Conference U.S.A. Championship Game: Southern Miss at Houston (Friday, December 1)---Because they have the higher regular-season conference winning percentage, the Cougars have home field advantage (literally, not just figuratively) in the title tilt. The C.-U.S.A. showdown is sponsored by Aeropostale, but I'm not sure how an Italian air mail delivery company expects to profit from pouring advertising lira into the airing of a Southern football game. Although Houston came within an eyelash of being ranked by me on a recent BlogPoll ballot, I'm not going to mess with Sunday Morning Quarterback, a self-confessed Southern Miss homer who openly eschews directing disrespect in my direction and who has earned a similar consideration in return. Consequently, I'm going with the Golden Eagles to register the road win and claim Conference U.S.A.'s automatic B.C.S. berth. I'm sorry, what? Conference U.S.A. doesn't get an automatic B.C.S. berth? Oh, for crying out loud, you've got to be kidding me! C.-U.S.A. doesn't get to go to the big dance, but the winner of this next game does?!?! There's no justice. . . .

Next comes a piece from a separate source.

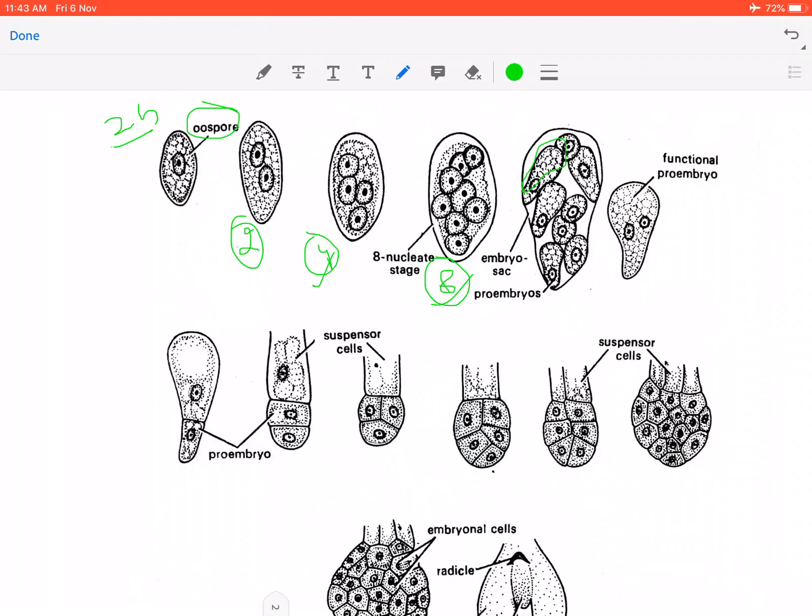These 8 visible structures in the embryo sac are all pro-embryos. However, not all of these pro-embryos are always potential. In Ephedra foliata, about 6 potential pro-embryos can develop into embryos. In Ephedra trifurca, only 3 pro-embryos are potential — only 3 pro-embryos have the capacity to develop into embryos.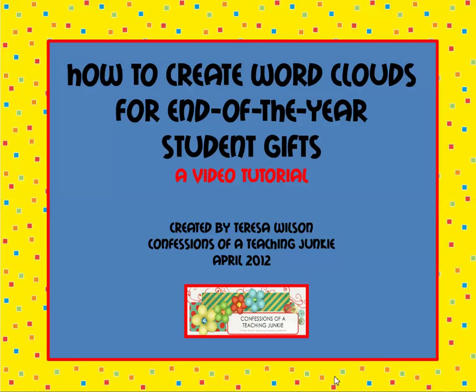Hello everyone, it's Teresa Wilson from Confessions of a Teaching Junkie here with a tutorial on how to create the end of the year word cloud projects that I made as gifts for my students. It's really easy to do and does not take a computer whiz to figure it out.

A.C.C. Championship Game: Wake Forest v. Georgia Tech---The Demon Deacons ended their title run on a high note, thumping Maryland to claim the championship of the more competitive division of the Atlantic Coast Conference. The Yellow Jackets, by contrast, saw their stellar season soured by yet another loss to the 'Dawgs in a game that will not soon be forgotten at the Flats. If Wake Forest's head coach is smart, he's been spending this week in Jacksonville spelling "Grobe" with an oval "G" in order to get inside Reggie Ball's head. I like the team on the upswing to Wake up the echoes against the team that can't see the Forest for the trees.
Regardless of whether Wake Forest or Georgia Tech wins the A.C.C. championship, both teams deserve high seeds in the N.C.A.A. tournament. (Photograph from The Winston-Salem Journal.)
Big 12 Championship Game: Oklahoma v. Nebraska---It's like the 1971 Game of the Century, except with five losses between them! For once, it seems like the Big 12 South representative backed into this game while the Big 12 North champion earned its way to a title shot, instead of the other way around, but do not be deceived; the Sooners have faced adversity at every turn and come through it with flying colors. In short, to paraphrase the musical for which the team is named, Oklahoma will be up for its date in Kansas City and the 'Huskers have gone about as far as they can go.
S.E.C. Championship Game: Florida v. Arkansas---I asked for feedback on my MaxwellPundit ballot and, boy, did I ever get it! After L.D. took me to task for minimizing the highly touted achievements of Darren McFadden, I gained a new appreciation for the Razorback tailback, who had impressed me already in last year's homecoming game. Since I ranked the Gators ahead of the Hogs, it may be cognitive dissonance for me to pick the lower-ranked team to win in Atlanta, although I don't think it is; instead, it's just a practical recognition of the fact that a team whose mascot went on a swine killing spree in which he slew a coyote, a 450-pound domestic pig, and seven rattlesnakes ought to have it in 'em to chow down on one measly alligator. Arkansas gets the upset in the Georgia Dome to avenge its two previous disasters in the S.E.C. championship game.
Planning on stopping Darren McFadden? You'd best be bringing some kryptonite. . . .
Those are my predictions for this week's conference championship games and my forecasts of this Saturday's other college football contests of significance will be forthcoming shortly. In the meantime, though, it behooves you to heed my usual warning as you consider my latest round of prognostications: Don't Bet On It!